**Material shown:**

──────

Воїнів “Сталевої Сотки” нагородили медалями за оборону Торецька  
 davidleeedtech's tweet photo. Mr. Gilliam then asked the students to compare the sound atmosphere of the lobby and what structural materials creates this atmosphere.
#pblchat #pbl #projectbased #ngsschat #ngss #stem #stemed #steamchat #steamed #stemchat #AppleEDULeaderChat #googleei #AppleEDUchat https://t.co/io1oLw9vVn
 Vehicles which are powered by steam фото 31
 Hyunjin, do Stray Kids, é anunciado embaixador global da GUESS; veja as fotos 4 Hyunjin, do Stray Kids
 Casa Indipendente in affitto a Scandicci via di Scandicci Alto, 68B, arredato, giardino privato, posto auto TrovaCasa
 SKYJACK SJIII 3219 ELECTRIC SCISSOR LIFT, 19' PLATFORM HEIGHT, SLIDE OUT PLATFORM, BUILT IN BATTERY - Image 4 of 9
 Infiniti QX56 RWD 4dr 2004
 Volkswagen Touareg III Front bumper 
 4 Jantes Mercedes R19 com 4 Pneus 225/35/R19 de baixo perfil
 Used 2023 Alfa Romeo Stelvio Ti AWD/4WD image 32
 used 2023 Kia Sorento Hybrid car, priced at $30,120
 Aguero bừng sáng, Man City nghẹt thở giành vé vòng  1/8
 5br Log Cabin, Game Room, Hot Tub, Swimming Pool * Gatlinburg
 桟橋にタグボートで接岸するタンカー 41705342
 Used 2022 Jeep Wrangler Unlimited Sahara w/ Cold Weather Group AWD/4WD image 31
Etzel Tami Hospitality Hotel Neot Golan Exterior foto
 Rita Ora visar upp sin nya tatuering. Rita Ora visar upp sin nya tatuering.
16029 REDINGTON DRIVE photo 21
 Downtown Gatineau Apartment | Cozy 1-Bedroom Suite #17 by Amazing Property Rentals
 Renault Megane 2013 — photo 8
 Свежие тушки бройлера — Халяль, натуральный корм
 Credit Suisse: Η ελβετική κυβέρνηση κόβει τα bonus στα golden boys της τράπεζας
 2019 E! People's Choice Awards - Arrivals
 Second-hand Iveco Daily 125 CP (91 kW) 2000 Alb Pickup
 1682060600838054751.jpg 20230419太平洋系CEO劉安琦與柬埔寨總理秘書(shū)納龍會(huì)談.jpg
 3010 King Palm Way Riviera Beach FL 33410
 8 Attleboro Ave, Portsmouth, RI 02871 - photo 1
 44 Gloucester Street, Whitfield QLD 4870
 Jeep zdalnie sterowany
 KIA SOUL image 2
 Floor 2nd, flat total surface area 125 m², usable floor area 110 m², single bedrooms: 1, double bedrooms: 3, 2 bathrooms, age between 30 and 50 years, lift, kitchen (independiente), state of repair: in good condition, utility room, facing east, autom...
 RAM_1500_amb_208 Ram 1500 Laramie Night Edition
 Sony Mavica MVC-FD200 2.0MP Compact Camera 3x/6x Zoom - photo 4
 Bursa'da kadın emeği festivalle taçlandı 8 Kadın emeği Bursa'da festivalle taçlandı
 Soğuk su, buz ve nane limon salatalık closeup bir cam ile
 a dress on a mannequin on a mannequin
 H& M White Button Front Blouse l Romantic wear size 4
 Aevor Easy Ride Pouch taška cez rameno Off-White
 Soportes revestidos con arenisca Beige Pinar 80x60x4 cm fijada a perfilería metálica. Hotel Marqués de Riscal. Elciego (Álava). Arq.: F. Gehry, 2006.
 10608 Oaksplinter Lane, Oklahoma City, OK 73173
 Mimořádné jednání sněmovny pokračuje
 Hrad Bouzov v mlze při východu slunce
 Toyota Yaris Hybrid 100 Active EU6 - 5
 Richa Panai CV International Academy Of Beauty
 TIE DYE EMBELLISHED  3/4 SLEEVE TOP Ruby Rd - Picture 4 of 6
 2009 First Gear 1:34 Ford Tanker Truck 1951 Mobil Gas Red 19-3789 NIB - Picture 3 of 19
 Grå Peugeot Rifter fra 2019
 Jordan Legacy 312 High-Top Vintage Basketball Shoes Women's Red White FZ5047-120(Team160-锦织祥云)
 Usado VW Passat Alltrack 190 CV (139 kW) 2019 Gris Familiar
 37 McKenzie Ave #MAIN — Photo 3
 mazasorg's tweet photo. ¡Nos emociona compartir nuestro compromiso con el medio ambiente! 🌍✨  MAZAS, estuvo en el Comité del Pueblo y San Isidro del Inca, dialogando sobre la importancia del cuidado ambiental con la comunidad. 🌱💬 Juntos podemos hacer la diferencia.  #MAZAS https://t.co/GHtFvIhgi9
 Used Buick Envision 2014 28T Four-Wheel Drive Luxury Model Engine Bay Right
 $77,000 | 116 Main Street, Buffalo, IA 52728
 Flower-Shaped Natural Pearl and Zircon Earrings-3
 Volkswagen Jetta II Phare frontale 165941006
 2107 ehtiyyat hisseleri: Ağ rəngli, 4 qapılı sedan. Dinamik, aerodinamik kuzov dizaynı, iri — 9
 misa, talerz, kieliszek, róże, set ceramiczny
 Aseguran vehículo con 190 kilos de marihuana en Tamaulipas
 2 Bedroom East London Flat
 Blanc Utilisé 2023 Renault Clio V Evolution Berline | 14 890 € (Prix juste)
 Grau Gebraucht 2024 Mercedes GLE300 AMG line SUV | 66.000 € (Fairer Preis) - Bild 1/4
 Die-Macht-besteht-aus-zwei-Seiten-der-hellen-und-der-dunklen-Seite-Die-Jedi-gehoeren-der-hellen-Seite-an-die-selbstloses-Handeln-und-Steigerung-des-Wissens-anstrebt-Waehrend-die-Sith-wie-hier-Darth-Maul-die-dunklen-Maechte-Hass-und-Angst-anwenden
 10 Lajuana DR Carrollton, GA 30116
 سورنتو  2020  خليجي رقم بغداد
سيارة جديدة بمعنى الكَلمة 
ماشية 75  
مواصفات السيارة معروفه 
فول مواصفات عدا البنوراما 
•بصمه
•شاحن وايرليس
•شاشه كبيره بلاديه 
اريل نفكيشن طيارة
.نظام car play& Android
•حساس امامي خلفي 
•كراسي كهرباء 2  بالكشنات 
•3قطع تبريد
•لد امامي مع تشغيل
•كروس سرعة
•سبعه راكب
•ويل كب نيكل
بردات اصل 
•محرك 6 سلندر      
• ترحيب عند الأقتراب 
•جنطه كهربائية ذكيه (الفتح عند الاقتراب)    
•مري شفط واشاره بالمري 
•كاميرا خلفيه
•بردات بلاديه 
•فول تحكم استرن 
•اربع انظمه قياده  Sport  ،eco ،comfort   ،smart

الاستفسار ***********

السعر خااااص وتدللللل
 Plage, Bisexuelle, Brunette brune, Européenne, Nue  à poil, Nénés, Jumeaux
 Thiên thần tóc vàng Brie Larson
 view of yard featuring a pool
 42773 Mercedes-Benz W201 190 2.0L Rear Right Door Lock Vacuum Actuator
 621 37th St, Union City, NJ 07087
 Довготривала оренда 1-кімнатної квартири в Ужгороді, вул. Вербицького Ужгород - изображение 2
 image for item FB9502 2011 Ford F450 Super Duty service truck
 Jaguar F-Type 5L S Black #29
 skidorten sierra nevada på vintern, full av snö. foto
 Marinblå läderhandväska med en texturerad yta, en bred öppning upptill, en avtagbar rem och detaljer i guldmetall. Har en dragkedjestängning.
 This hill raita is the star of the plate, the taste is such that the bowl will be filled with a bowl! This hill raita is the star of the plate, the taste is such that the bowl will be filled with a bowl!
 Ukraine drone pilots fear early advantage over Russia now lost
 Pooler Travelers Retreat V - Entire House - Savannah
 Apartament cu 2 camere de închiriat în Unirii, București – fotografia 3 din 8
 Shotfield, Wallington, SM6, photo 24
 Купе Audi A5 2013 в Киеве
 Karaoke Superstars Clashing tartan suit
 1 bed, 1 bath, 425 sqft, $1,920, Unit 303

──────

**Exercise requirements:**
Give back exactly the lines above starting at the line where "Usado VW Passat" appears and ending at the line where "10 Lajuana DR Carrollton, GA 30116" appears, both included, with no other lines.

**Result:**
 Usado VW Passat Alltrack 190 CV (139 kW) 2019 Gris Familiar
 37 McKenzie Ave #MAIN — Photo 3
 mazasorg's tweet photo. ¡Nos emociona compartir nuestro compromiso con el medio ambiente! 🌍✨  MAZAS, estuvo en el Comité del Pueblo y San Isidro del Inca, dialogando sobre la importancia del cuidado ambiental con la comunidad. 🌱💬 Juntos podemos hacer la diferencia.  #MAZAS https://t.co/GHtFvIhgi9
 Used Buick Envision 2014 28T Four-Wheel Drive Luxury Model Engine Bay Right
 $77,000 | 116 Main Street, Buffalo, IA 52728
 Flower-Shaped Natural Pearl and Zircon Earrings-3
 Volkswagen Jetta II Phare frontale 165941006
 2107 ehtiyyat hisseleri: Ağ rəngli, 4 qapılı sedan. Dinamik, aerodinamik kuzov dizaynı, iri — 9
 misa, talerz, kieliszek, róże, set ceramiczny
 Aseguran vehículo con 190 kilos de marihuana en Tamaulipas
 2 Bedroom East London Flat
 Blanc Utilisé 2023 Renault Clio V Evolution Berline | 14 890 € (Prix juste)
 Grau Gebraucht 2024 Mercedes GLE300 AMG line SUV | 66.000 € (Fairer Preis) - Bild 1/4
 Die-Macht-besteht-aus-zwei-Seiten-der-hellen-und-der-dunklen-Seite-Die-Jedi-gehoeren-der-hellen-Seite-an-die-selbstloses-Handeln-und-Steigerung-des-Wissens-anstrebt-Waehrend-die-Sith-wie-hier-Darth-Maul-die-dunklen-Maechte-Hass-und-Angst-anwenden
 10 Lajuana DR Carrollton, GA 30116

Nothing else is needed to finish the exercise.